The clearest demonstration of the quiet style—the dominant, most provocative, most interesting aesthetic of our time—is in theater, where Annie Baker created a revolution by slowing everything down, inserting long pauses, setting plays at room temperature. Baker is, in America and for straight plays, the unquestioned superstar playwright of her generation. She won the Pulitzer Prize in 2014 and a MacArthur Grant in 2017. Her success is so sweeping that it’s almost hard to remember how weird her style seemed five or ten years ago, and how much it ran against all the prevailing headwinds of playwriting, which, for decades, had been all about making plays faster, more shocking, edgier.

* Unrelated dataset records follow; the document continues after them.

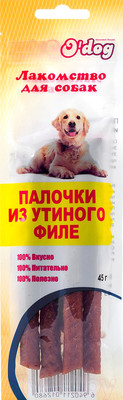 Лакомство для собак O'dog Палочки из утиного филе (45г)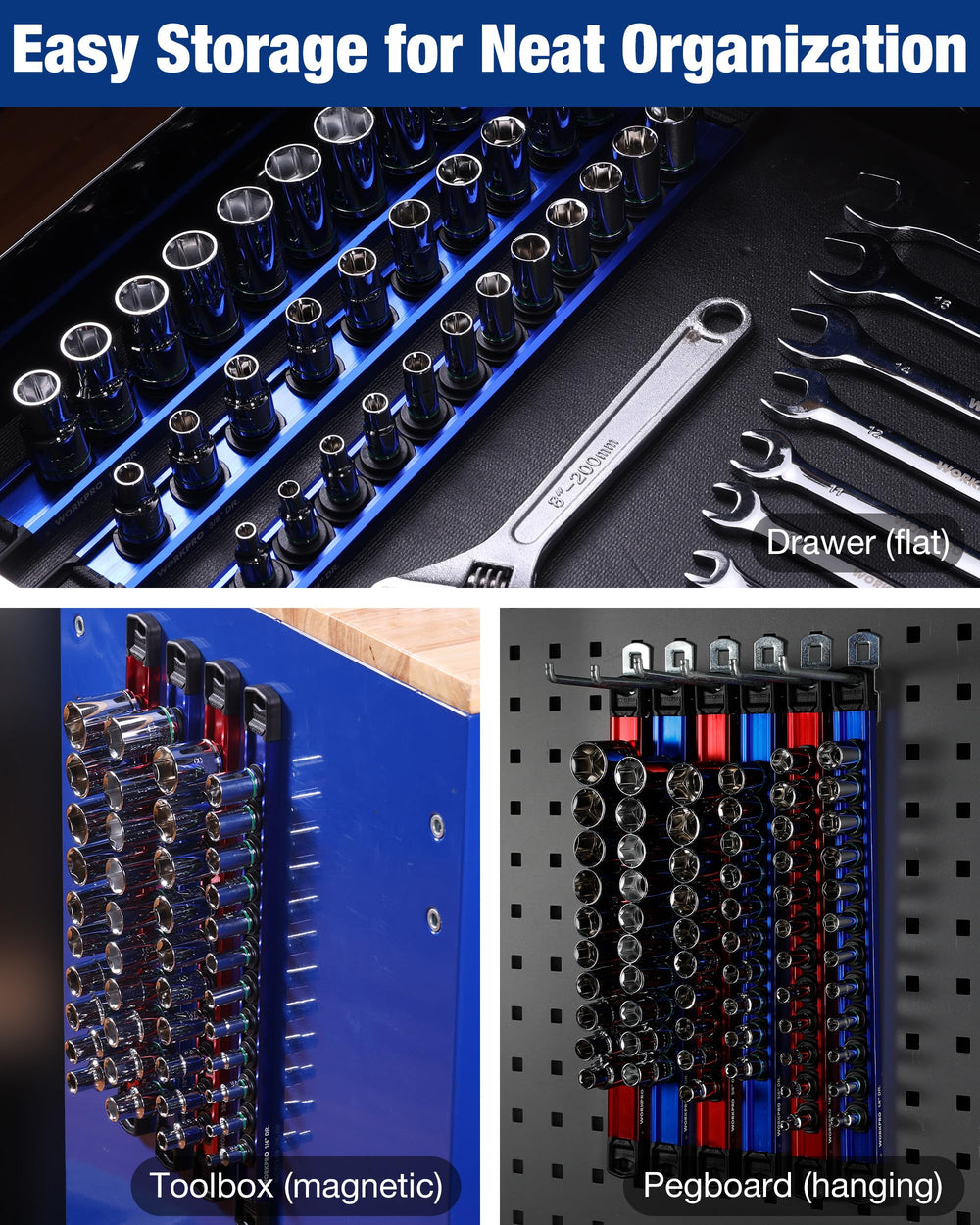 WORKPRO lifestyle drawer scene with rail installed to reclaim toolbox space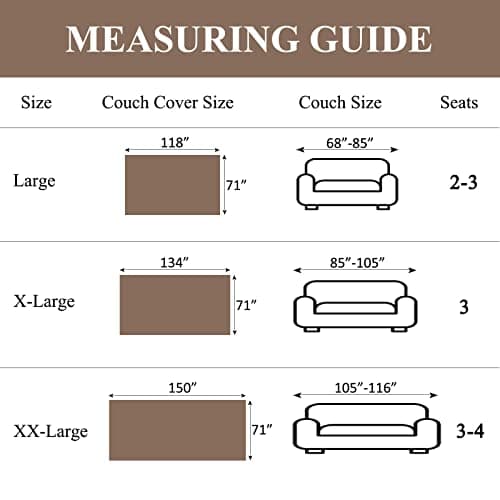DREAMINGO Thickened Chenille Couch Cover, X-Large Brown, Multi-Use Dog and Cat Protector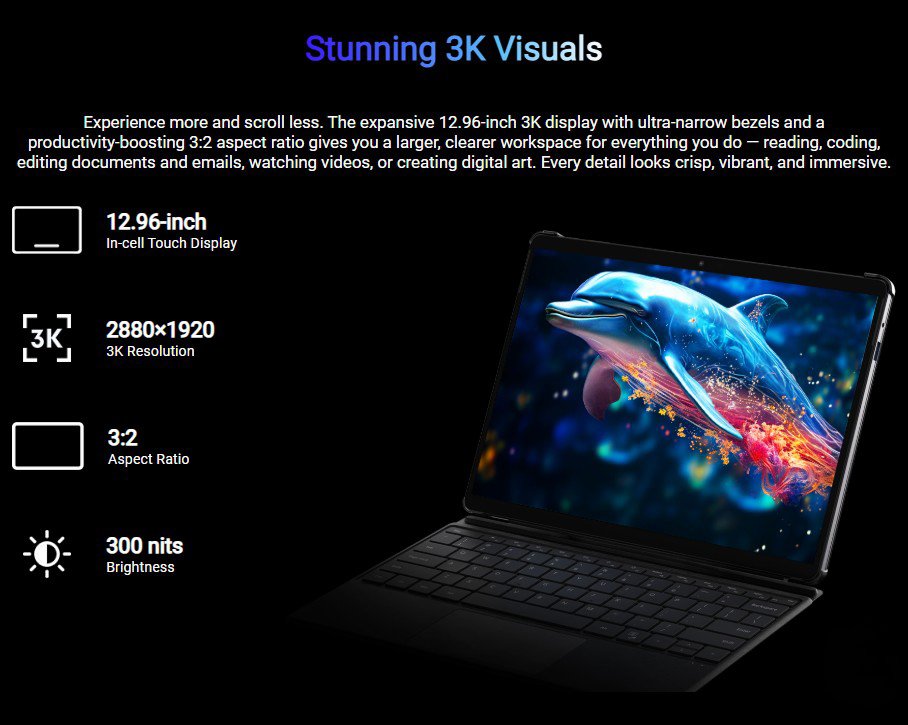 CUWI tablet i10 Max με πληκτρολόγιο/θήκη, 12.96", 12/512GB, Windows 11 Pro, 4820mAh, γκρι - Image 3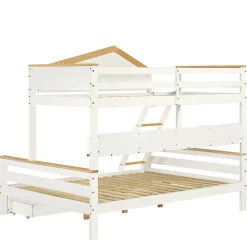 Enfant Fortuna lai Lit superposé 90x200 cm, fenêtres, 4 étagères, sécurité, échelle 4 marches, cadre bois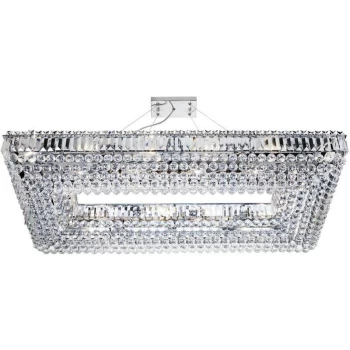 Searchlight Lighting - Searchlight Vesuvius - 24 Light Ceiling Pendant Chrome with Crystals - Rectangle Frame, E14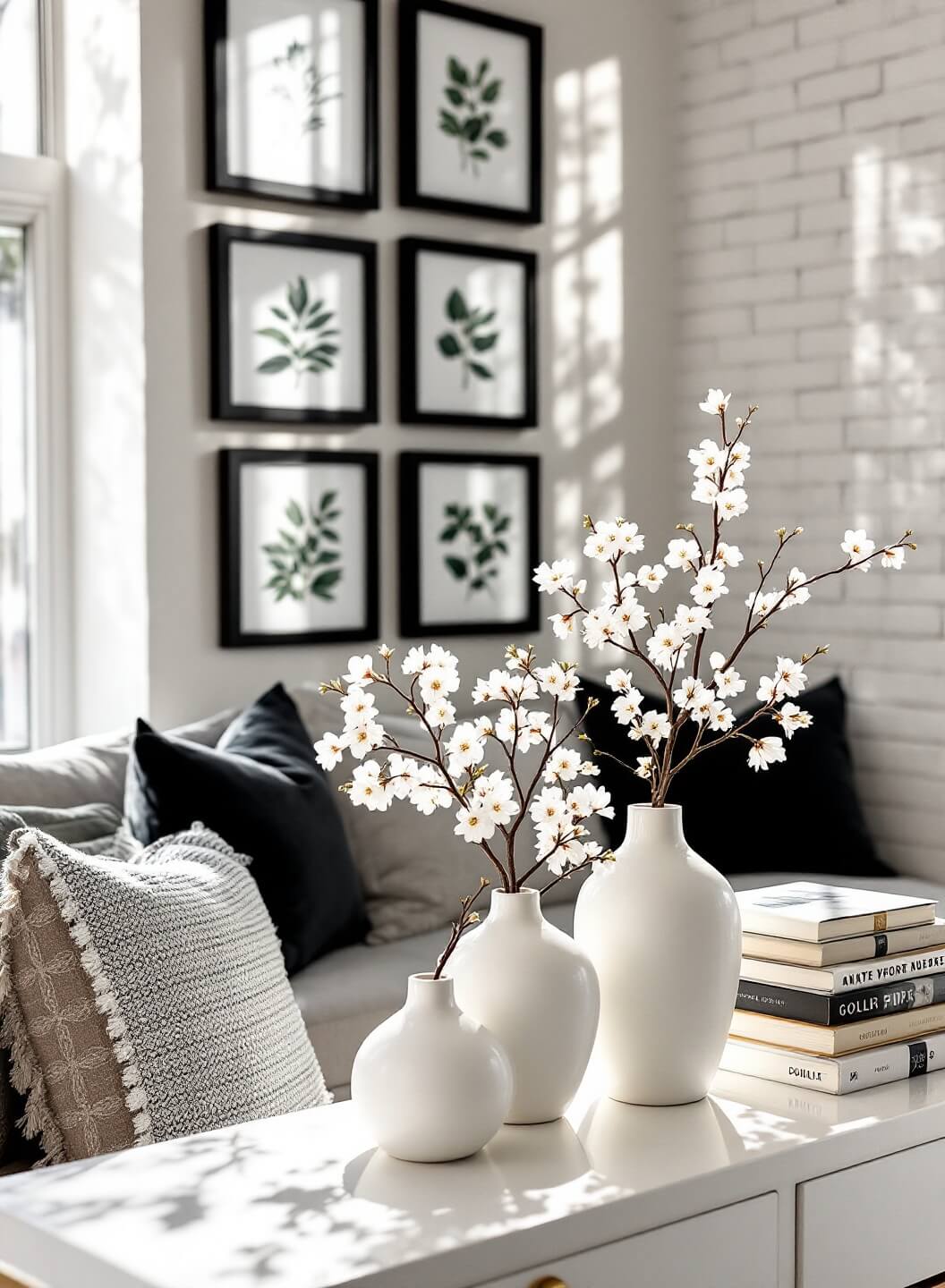 "Cinematic living room with white brick wall, black frame gallery, modern console table with transformed vases and cherry blossoms, shot in warm morning light"
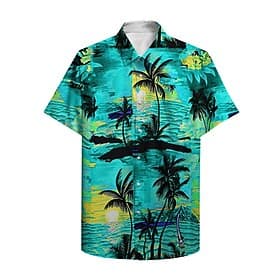 Men's Palm Tree Tropical Plants Summer Hawaiian Shirt Aloha Shirt Short Sleeve Shirt Turndown Designer Vacation Beach Red Blue Green S M L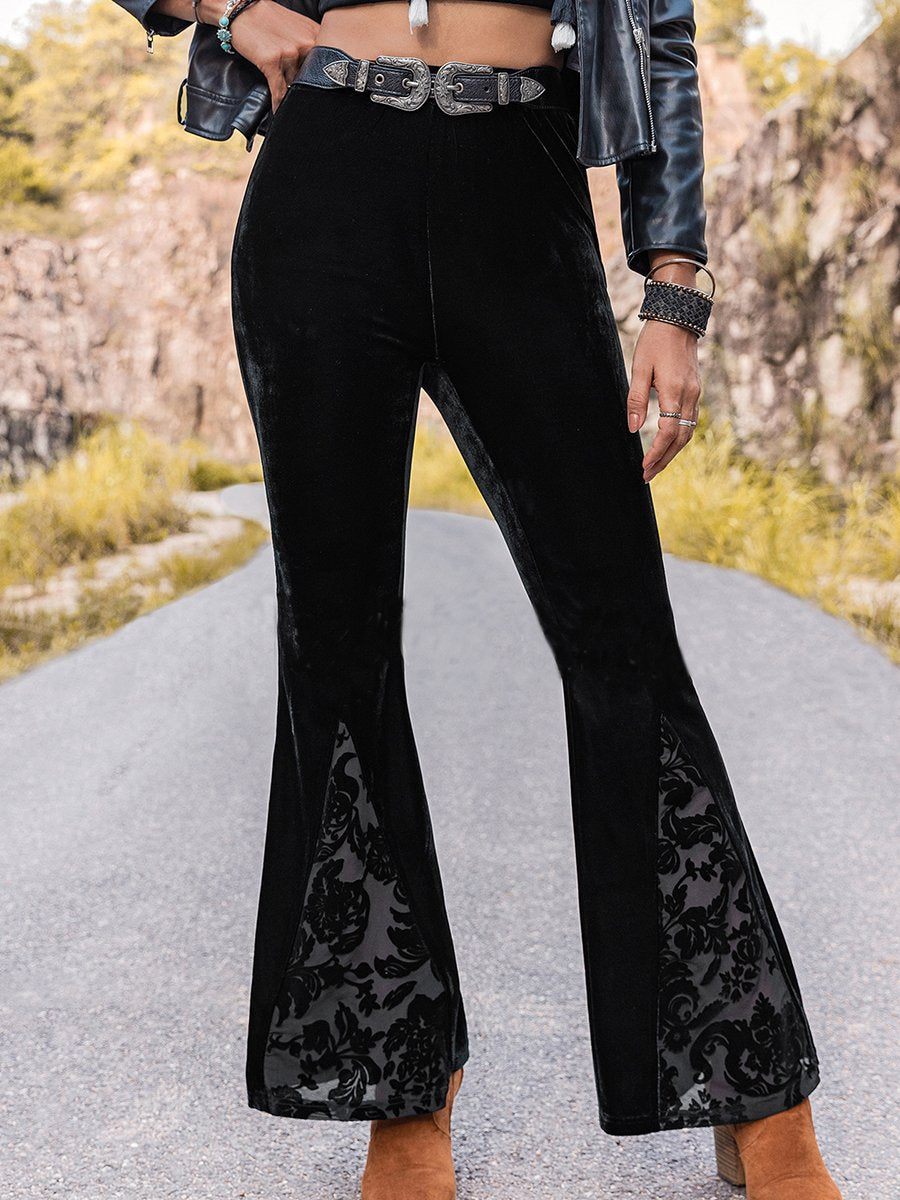 Chic High-waisted Lace Patchwork Slim-fit Flared Pants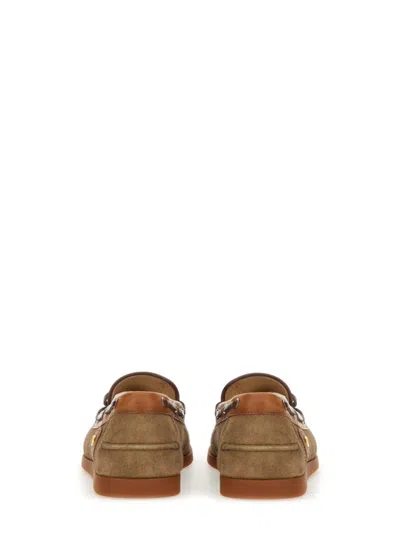 Valentino Palm Avenue Suede And Leather Loafers In Brown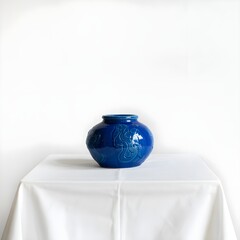 A Blue Jar on the Table with Isolated Background, Perfect for Home Decor, Storage Solutions, and Elegant Interior Design.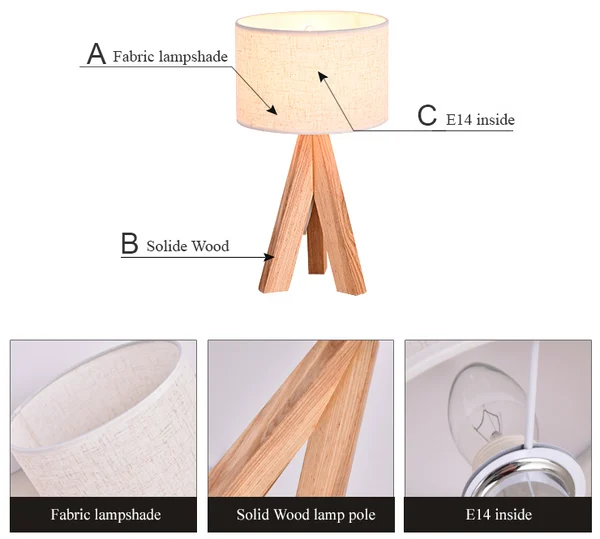 Stylish Wood & Fabric Tripod Lampshade Table Lamp Light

American plays were already fast-paced (quick cuts, overlapping dialogue) and then, in the 1970s, David Mamet figured out a syncopated style that made them even faster. (“Arrive late, leave early,” is his prescription for writing scenes). Neil LaBute, Mamet’s heir, starts his signature play, Reasons to Be Pretty, with the stage direction: “Two people in their bedroom, already in the middle of it. A nice little fight. Wham!” Edward Albee, the reigning granddaddy of American theater, admitted that he wrote The Goat, a play about a man’s love affair with a farm animal, more or less because he couldn’t think of any taboos left to break.
For Baker, studying playwriting at NYU, the contemporary approach to playwriting was a nightmare—a formula to get your turns and reveals as plentiful and as high up in the script as possible, and all of it about as artistic as working in the pit at Daytona. While in graduate school, she had a breakdown (by her accounting, one of many) and, stuck, declared to her mentor that what she really wanted to do was to write a play about her mom and her mom’s “hippie friends sitting around and talking about spirituality for two hours,” which, to Mamet and her NYU professors, would have been like saying that what she wanted most as a playwright was to make sure that her audience had the right atmosphere for a nice, peaceful nap.
Here’s how she described her style:
Silence and stillness are very exciting to me. I feel so over–stimulated and bored by a lot of the theater I see these days because of the breakneck speed at which it’s performed. There’s this obsession with “pace,” and I think it’s because we’re terrified of boring audiences that are used to looking at the internet while watching TV while talking on their iPhone. Also, when it feels like nothing is taboo anymore—we can have sex and violence onstage and no one blinks an eye—I think the one thing left that really makes people uncomfortable is empty space and quiet.
And Baker is right: to a theater audience, quiet is shocking and uncomfortable. During the Playwrights Horizons’ run of Baker’s Pulitzer Prize-winning play, The Flick, the theater’s artistic director felt compelled to issue a strange letter to the theater’s subscribers, since so many of them were walking out of the play in protest. They were livid at the long scenes in which the play’s characters (minimum-wage employees of a movie theater) are sweeping the floors of the stage—sweeping the floors and not-talking and not-advancing-the-plot for an inordinate length of time.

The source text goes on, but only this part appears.